* **Task instructions**
Write out the data word for word and drop any picture you find.

:: Data ::

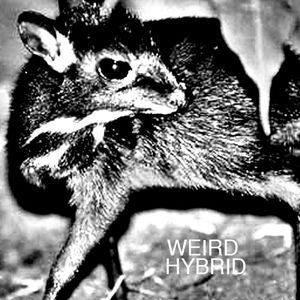 Weird Hybrid (EP)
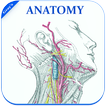 ”Gray's Anatomy - Atlas || Offline || Free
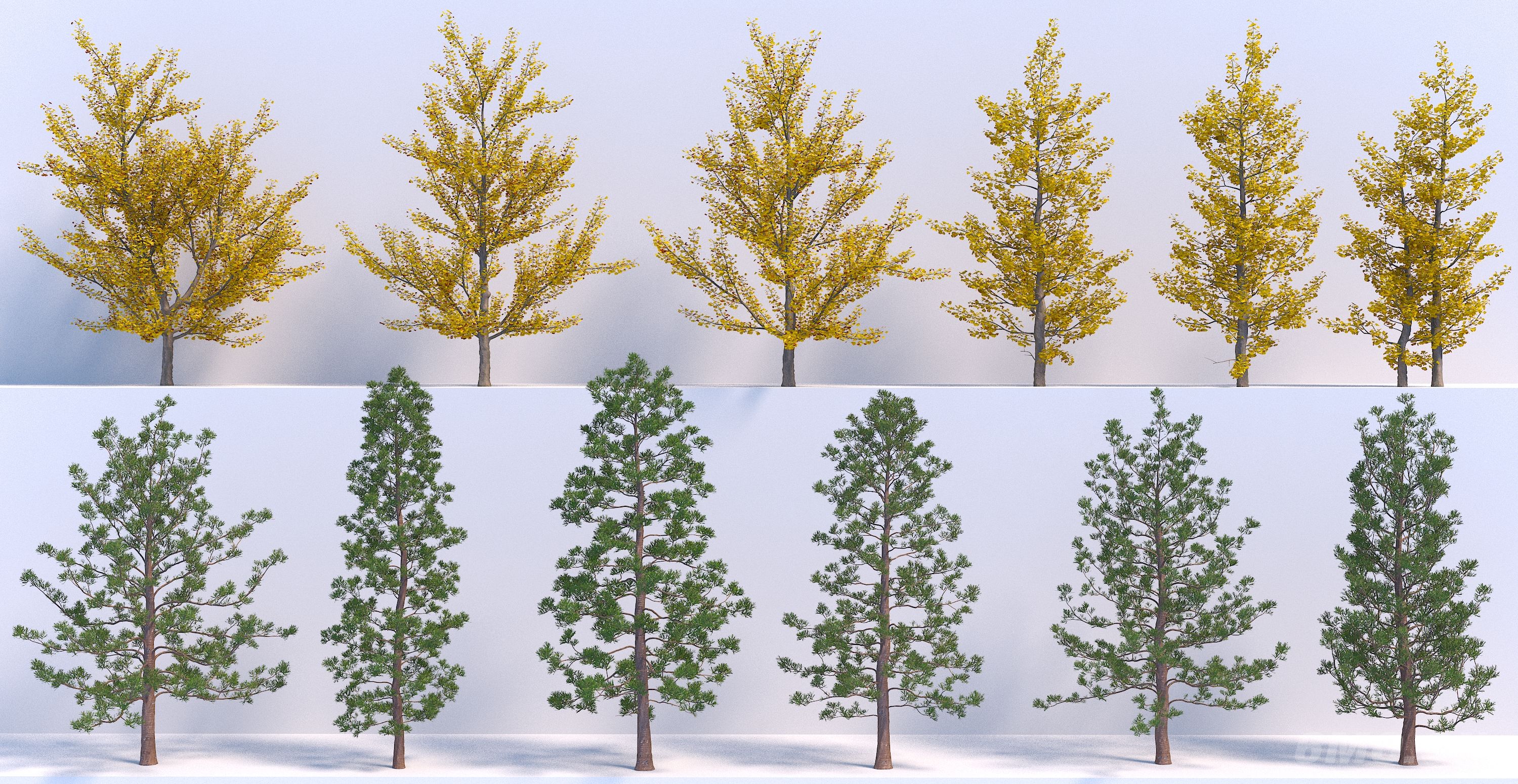 现代树木 银杏3D模型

:::

* **Solution to the problem**
 Weird Hybrid (EP)
 ”Gray's Anatomy - Atlas || Offline || Free
 现代树木 银杏3D模型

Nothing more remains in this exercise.